Recruitment & HR

Amidst tough economic conditions, business leaders see the potential for AI and automation to revolutionise HR and make businesses more efficient. 

However, leaders will only be successful if they keep HR’s human touch, according to research from Personio.

The German company surveyed 500 C-suite level executives and 1,000 HR decision-makers at SMEs in the UK and Ireland. The data revealed that with nearly three quarters (74%) of business leaders reporting there is a need for their business to become more efficient and productive, two thirds (66%) believe AI and automation have a lot of potential to deliver this within the HR department.

Three in five (60%) business leaders intend to incorporate more AI and automation into their HR department in the next 5 years. And, in light of recent technological advances with generative AI, like Chat GPT, a similar number (61%) even believe HR will be taken over by AI in the future.

However, these sweeping statements about the future of HR may be a symptom of a basic misunderstanding of the value that HR teams deliver to organisations. In fact the survey uncovered a clear knowledge gap, with two thirds (67%) of business leaders admitting they’d like to have a better understanding about what their HR team does.

“Emerging technologies such as generative AI tools, like Chat GPT, have the potential to revolutionise workplaces, and the HR department is no exception. But will HR be ‘replaced’ one day by AI?” asked Ross Seychell, chief people officer, Personio. 

“I certainly don’t believe so, and the business leaders that say it is possible are short sighted and worryingly misinformed about the role that effective HR plays in businesses. Instead we can expect to see AI make HR more important, by allowing a hard-pressed department to focus more on business critical issues like building a great culture or solving retention challenges, while new technology will make admin tasks more efficient .”
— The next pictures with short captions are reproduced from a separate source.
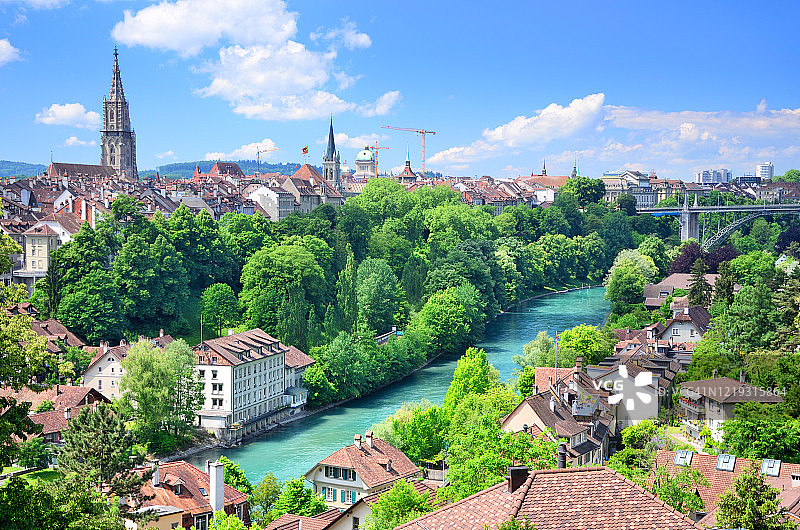 瑞士伯尔尼图片素材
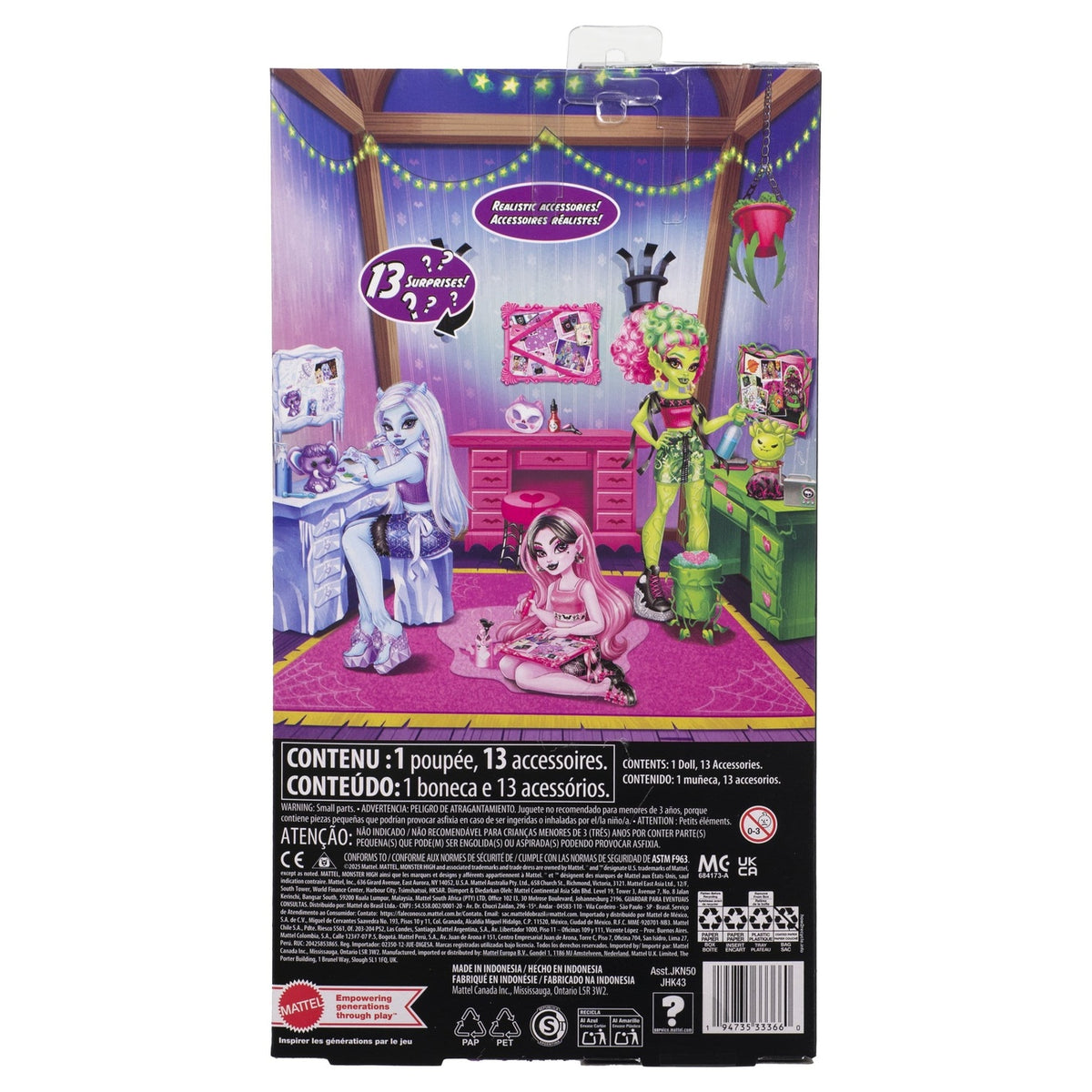 Immagine del prodotto Monster High Bambola Self-Scare Secrets Draculaura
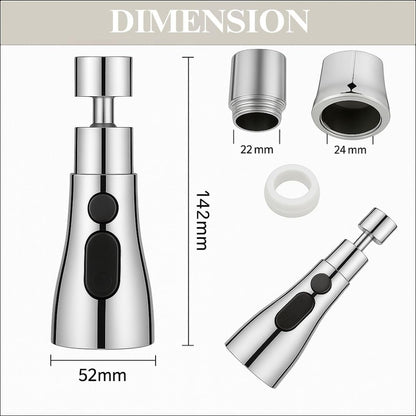 MagicFlow Flexi Faucet – 3-Mode Kitchen Sink Extender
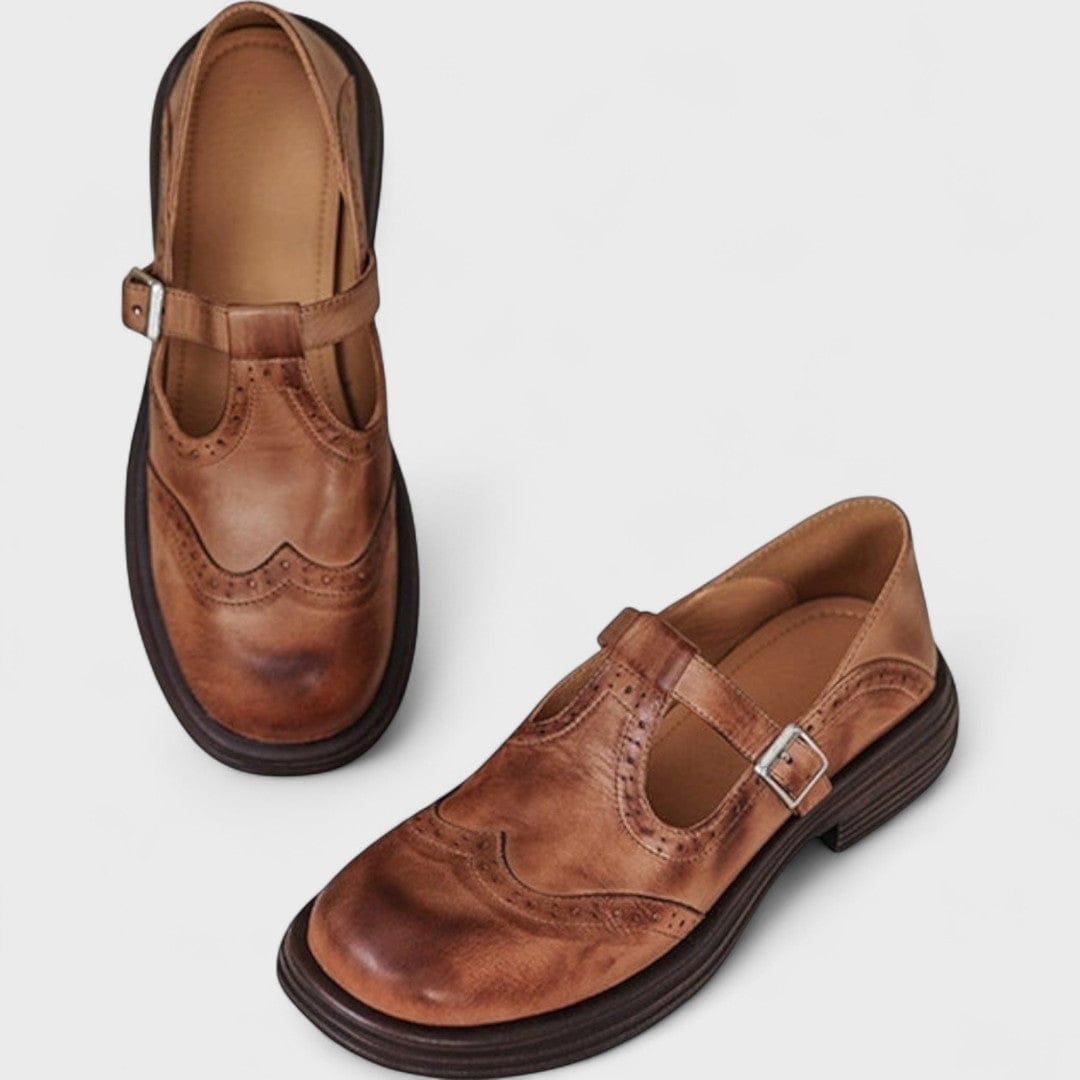 Elisa - Eleganza e Comfort delle Scarpe con Tacco in Pelle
It’s not just business leaders that predict the growth of AI and automation in the HR department. HR managers themselves can also see an increasing role for digital tools like AI and automation to change the HR function, and many feel uncertain about what this means for the future. Two fifths (43%) say they’re worried they’ll lose their job as more of the HR function is automated. 

The good news is that nearly three quarters (73%) of business leaders say HR will be more important to the business in the future. And there is a clear opportunity for HR departments to harness AI and automation to free up time to focus on supporting businesses with long term goals – something that is recognised by almost two thirds (64%) of HR managers.
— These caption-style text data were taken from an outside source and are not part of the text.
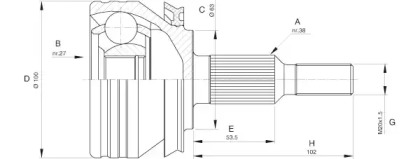 Шарнирный комплект (OPEN PARTS: CVJ5581.10)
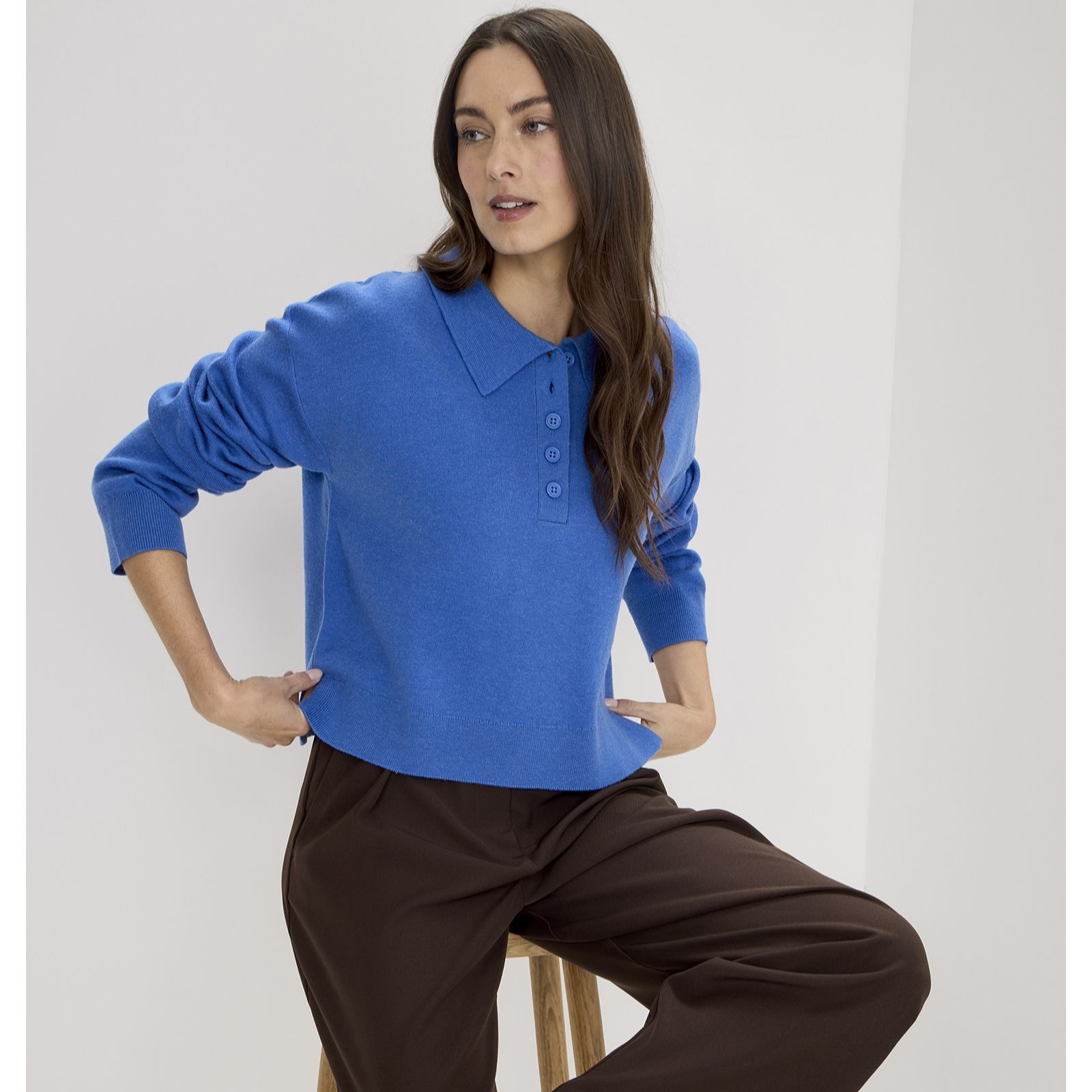 Finery London Azura Collar Knit Jumper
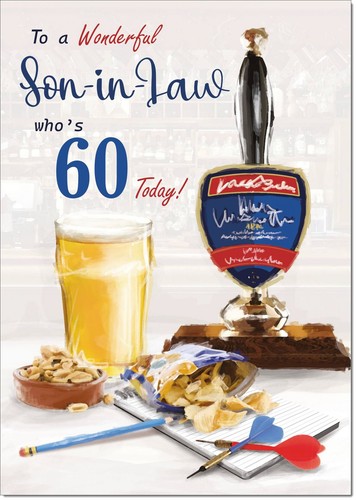 Doodlecards son law 60th - doodlecards,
Seychell continued: “Business leaders tell us that HR is only set to become more important in the future, not less. But despite this, and the importance of the function over recent turbulent years, they also admit they don’t fully understand where the role begins and ends. This challenge needs to be met head-on. HR teams will only be able to unlock their full potential if they continue to work with business leaders directly to show them the value they can bring. 

“Meanwhile, leaders must focus their time on understanding the true value of great HR teams – after all, people are the most important, and often most invested, asset in an organisation.”